→ **Provided material**
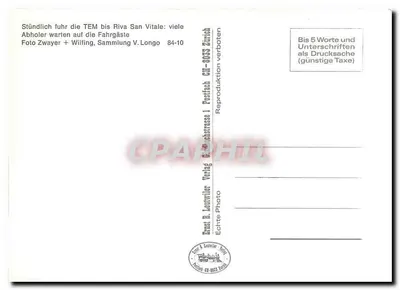 Riva San Vitale — Trem elétrico da Valsesia — Ernst B. Leuwxier, Zurique — Verso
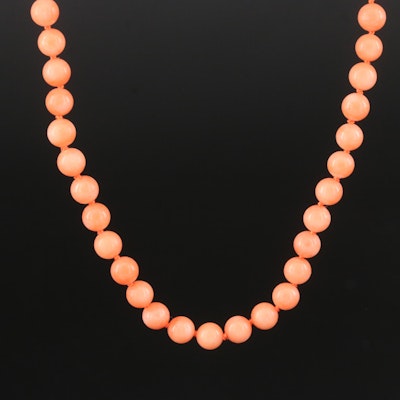 Coral Beaded Necklace with 14K Clasp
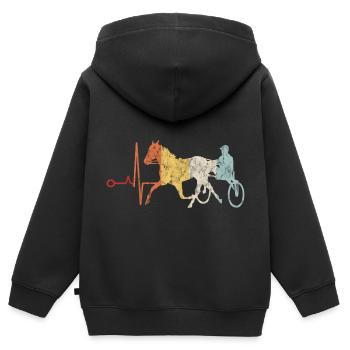 Traber Trabrennen in retro oder vintage Style - Kinder Premium Organic Zip Hoodie - Schwarz - Hinten - AI Model Kid Male (0cm)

→ **Assignment**
Every word of the data should be reproduced exactly; please omit any pictures.

→ **Completed exercise**
 Riva San Vitale — Trem elétrico da Valsesia — Ernst B. Leuwxier, Zurique — Verso
 Coral Beaded Necklace with 14K Clasp
 Traber Trabrennen in retro oder vintage Style - Kinder Premium Organic Zip Hoodie - Schwarz - Hinten - AI Model Kid Male (0cm)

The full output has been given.